Tesla's 10% Staff Cuts Have Begun, Ex-Employees Confirm On LinkedIn
Earlier this month, news broke out that Tesla CEO Elon Musk allegedly sent employees an email announcing plans to cut 10% of the company’s salaried staff.
At the time, Musk reportedly wrote in the leaked email that the cuts were due to the fact that he had a “super bad feeling” about the economy. After the planned job cuts made the headlines, the billionaire entrepreneur confusingly said Tesla’s total head count would increase and that salaried staff would be “fairly flat.“
That was Musk’s way of saying that hourly workers, such as those who actually build cars and batteries, have nothing to worry about, with the cuts only concerning salaried workers.
Well, the job cuts appear to have already started, as several Tesla employees took to LinkedIn to announce that they have been laid off, according to Business Insider.
The publication found 11 LinkedIn posts from Tesla employees who said they had been laid off as part of the 10% job cuts.
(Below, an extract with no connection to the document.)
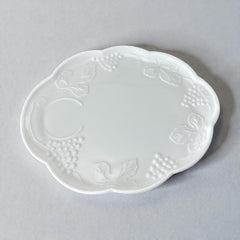  Vintage Indiana Glass Colony Harvest Grape milk glass snack plate and cup set from the 1960s, featuring embossed grapevine motifs and glossy white finish.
Expect to see much more of the same in the coming days and weeks as the company had around 100,000 employees at the end of 2021, according to a Securities and Exchange Commission filing.
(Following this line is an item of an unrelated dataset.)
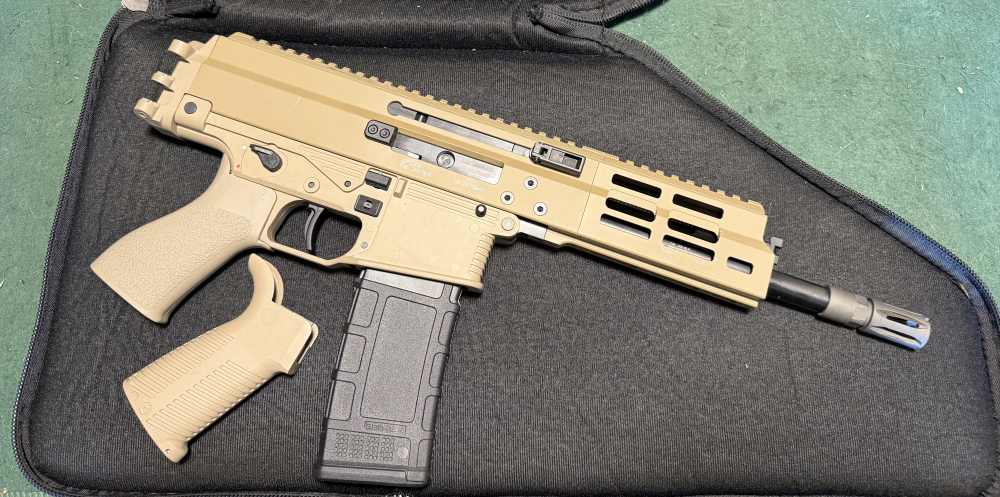 B&T APC300 GEN 2 PRO Coyote Tan Pisto-img-0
The layoffs appear to have started last week and have accelerated since. Nine of the posts were published this week, while two were posted late last week.
Tesla appears to be making cuts in various departments, with the LinkedIn posts coming from a range of people across the company, including a project lead, a CGI animation lead, staff trainers, and a regional warehouse manager.
The job cuts have also affected senior roles, with Tesla’s Singapore country manager, Christopher Bousigues, confirming he had been laid off as part of the job cuts in a LinkedIn post over the weekend.
The layoffs appear to affect experienced staffers as well, with CGI animation lead James Foreman saying that he had worked at Tesla for six and a half years.
Musk has publicly said that he believes the US is headed for a recession. He also told Tesla staff that “remote work is no longer acceptable,” requiring salaried employees to return to the office and work a minimum of 40 hours a week.
Recently, Reuters reported that Tesla canceled three online hiring events in China planned for this month.